_THE PROBLEM_
Only part of the listing is needed, namely the lines from its start through the line with "Firešová, Michaela: Wings of the Wild", and they should be retyped exactly.

=======

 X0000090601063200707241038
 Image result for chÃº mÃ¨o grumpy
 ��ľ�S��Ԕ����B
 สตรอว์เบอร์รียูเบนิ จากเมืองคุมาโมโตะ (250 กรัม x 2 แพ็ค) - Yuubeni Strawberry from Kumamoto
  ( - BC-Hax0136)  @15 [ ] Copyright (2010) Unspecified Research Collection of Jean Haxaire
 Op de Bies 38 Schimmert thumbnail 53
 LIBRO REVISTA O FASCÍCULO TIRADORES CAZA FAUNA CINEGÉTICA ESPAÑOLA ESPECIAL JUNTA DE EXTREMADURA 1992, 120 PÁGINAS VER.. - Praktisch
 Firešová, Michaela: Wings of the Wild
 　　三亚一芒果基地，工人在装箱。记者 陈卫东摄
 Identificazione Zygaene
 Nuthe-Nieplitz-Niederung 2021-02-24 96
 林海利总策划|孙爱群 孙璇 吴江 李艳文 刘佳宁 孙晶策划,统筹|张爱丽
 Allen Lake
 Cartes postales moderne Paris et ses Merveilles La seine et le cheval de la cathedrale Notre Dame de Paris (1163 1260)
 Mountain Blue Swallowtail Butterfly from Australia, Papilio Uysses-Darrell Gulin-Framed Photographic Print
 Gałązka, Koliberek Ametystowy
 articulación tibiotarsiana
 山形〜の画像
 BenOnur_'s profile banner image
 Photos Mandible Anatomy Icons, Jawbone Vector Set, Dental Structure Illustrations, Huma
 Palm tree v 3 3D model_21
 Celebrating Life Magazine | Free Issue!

=======

_EXERCISE SOLUTION_
 X0000090601063200707241038
 Image result for chÃº mÃ¨o grumpy
 ��ľ�S��Ԕ����B
 สตรอว์เบอร์รียูเบนิ จากเมืองคุมาโมโตะ (250 กรัม x 2 แพ็ค) - Yuubeni Strawberry from Kumamoto
  ( - BC-Hax0136)  @15 [ ] Copyright (2010) Unspecified Research Collection of Jean Haxaire
 Op de Bies 38 Schimmert thumbnail 53
 LIBRO REVISTA O FASCÍCULO TIRADORES CAZA FAUNA CINEGÉTICA ESPAÑOLA ESPECIAL JUNTA DE EXTREMADURA 1992, 120 PÁGINAS VER.. - Praktisch
 Firešová, Michaela: Wings of the Wild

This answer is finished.